El señor Collins no era lo bastante sutil como para detectar la ironía, ni para sospechar que se trataba de una estratagema. Su vanidad le había llevado a aceptar sin más el elogio, y durante la siguiente cena en Rosings a la que fueron invitados, se pasó casi toda la velada sumido en un silencio tan forzado que Elizabeth temió que lady Catherine diera unos golpecitos en la mesa con la cuchara y le preguntara por qué tenía tan poco que decir.

Durante los últimos diez minutos, Elizabeth había apoyado la pluma en el escritorio y había dejado que su mente vagara hasta sus días de Longbourn, hasta Charlotte y su larga amistad. Ya iba siendo hora de olvidarse de aquellas cartas y de bajar a ver qué había preparado la señora Reynolds para los Bidwell. Cuando se dirigía a los aposentos del ama de llaves, recordó que lady Catherine, en una de sus visitas del año anterior, la había acompañado a llevar a la cabaña del bosque algunos alimentos adecuados para un hombre en estado grave. No la habían invitado a entrar en la habitación del enfermo, y lady Catherine no había mostrado intención de hacerlo, y cuando regresaban a casa se había limitado a comentar:

– ‌El diagnóstico del doctor McFee ha de considerarse altamente sospechoso. Nunca he sido partidaria de las muertes dilatadas. En la aristocracia, son señal de afectación; en las clases bajas, son simples excusas para no trabajar. El segundo hijo del herrero lleva cuatro años muriéndose, supuestamente, pero cuando paso por delante de su negocio lo veo ayudar a su padre, robusto y gozando de muy buena salud. Los De Bourgh nunca hemos sido dados a las muertes prolongadas. La gente debería decidir si quiere vivir o morir, y hacer una cosa o la otra, causando los menores inconvenientes a los demás.

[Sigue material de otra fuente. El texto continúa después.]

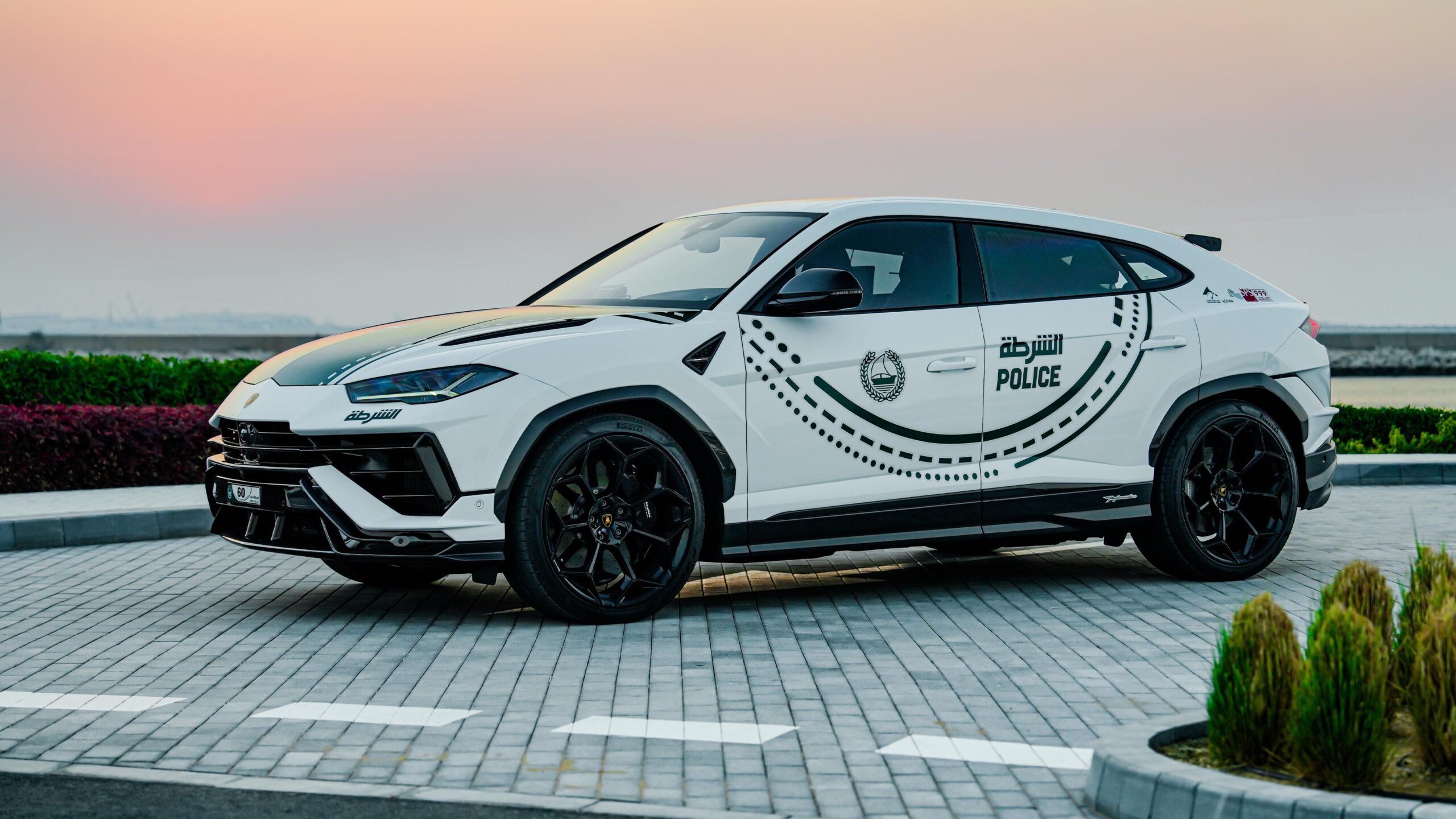 Front three quarters view of a Dubai Police Lamborghini Urus Performante.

El asombro y la sorpresa de Elizabeth al oír aquellas palabras fueron tales que no logró articular palabra. ¿Cómo podía hablar lady Catherine con semejante desapego de las muertes dilatadas apenas tres años después de haber perdido a su única hija, que había muerto tras una larga enfermedad? Sin duda, tras los primeros momentos de dolor, la dama había recobrado la calma -‌y, con ella, gran parte de su intolerancia anterior-‌ a una velocidad asombrosa. La señorita De Bourgh, una muchacha simple y silenciosa, no había causado demasiado impacto en el mundo mientras vivió, y menos aún al morir. Elizabeth, que para entonces ya había sido madre, había hecho todo lo posible, invitándola afectuosamente a visitar Pemberley, y trasladándose ella misma hasta Rosings, para apoyar a lady Catherine durante las primeras semanas del luto, y tanto sus ofrecimientos como sus muestras de comprensión, que tal vez la madre no esperaba, habían surtido efecto. Lady Catherine seguía siendo, en esencia, la misma mujer que siempre había sido, pero ahora las sombras de Pemberley parecían menos contaminadas cuando Elizabeth emprendía su paseo diario bajo los árboles, y la tía de su esposo parecía más dispuesta a visitar Pemberley que Darcy y Elizabeth a recibirla en su casa.